Social housing construction is 90% short against the need of desperate citizens. The EU does not want to acknowledge the problem. After all, it only spends 26 billion euros on kit for a mixed bag of squabbling armies in defence of its citizens and then stands idle seeing them starve or die of the cold.

Germany, where the highest proportion of its citizens pay more than 40% of their income on housing (after Greece of course) are not only facing acute housing problems, but they now have one and a half million homeless refugees to consider.
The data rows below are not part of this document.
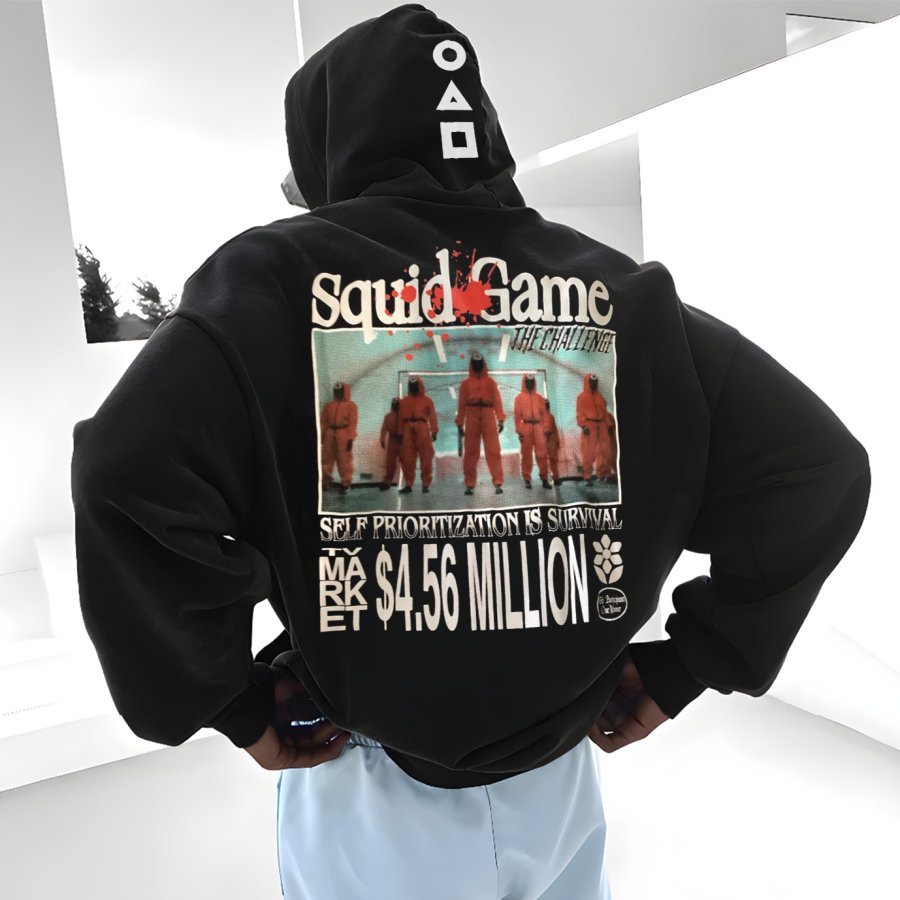 

Unisex Oversized Squid Game 2 Print Casual Black Hoodie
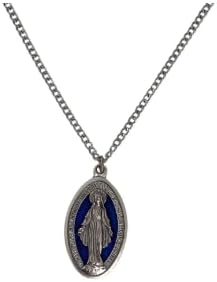Miraculous Blue Medal Necklace – 24" Stainless Steel Chain with Miraculous Medal Prayer Card & Our Father Prayer Card – Catholic Gift
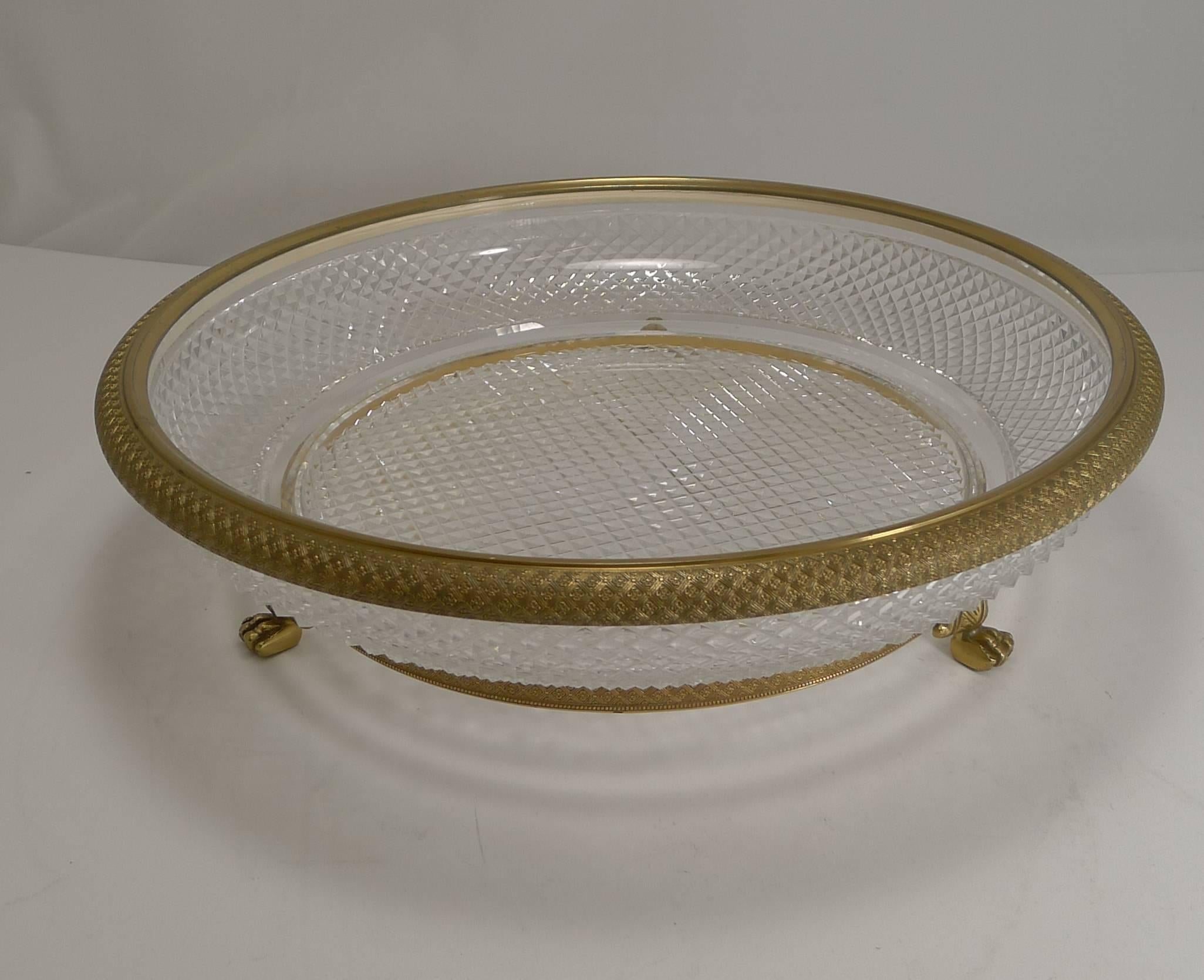 Large French Cut Crystal and Gilded Bronze Centrepiece Dish or Bowl c.1890 2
In a leaked secret document the Guardian reported that the German authorities were concerned about the risk of a “breakdown of provisions” and that they were already struggling to procure enough living containers and sanitary facilities for the new arrivals."


http://www.globalresearch.ca/war-winter-and-poverty-in-the-eu-the-unfolding-european-housing-crisis/5491126

The banking world is trapped and can't even afford a small country like Greece to collapse because it would trigger a 'Derivatives Chernobyl' which leads us into a 'Parade of Bailout Schemes' which gets at the end rid of the middle class and makes the poor people even poorer. A recipe for civil unrest & crime.

Anonymous said...

Media is or media are?

Michael Commane said...

Indeed, I was thinking about that. Was about to change it, then had no time and decided to leave it. Could it be considered a collective noun?
Is anonymity a mascline of feminine noun?
And it sure is a major issue in the north inner city. Though I did teach a girl from those flats in Cumberland Street and she scored an A in her Leaving Cert German.
German for anonymous is die Anonymität and it is a feminine noun.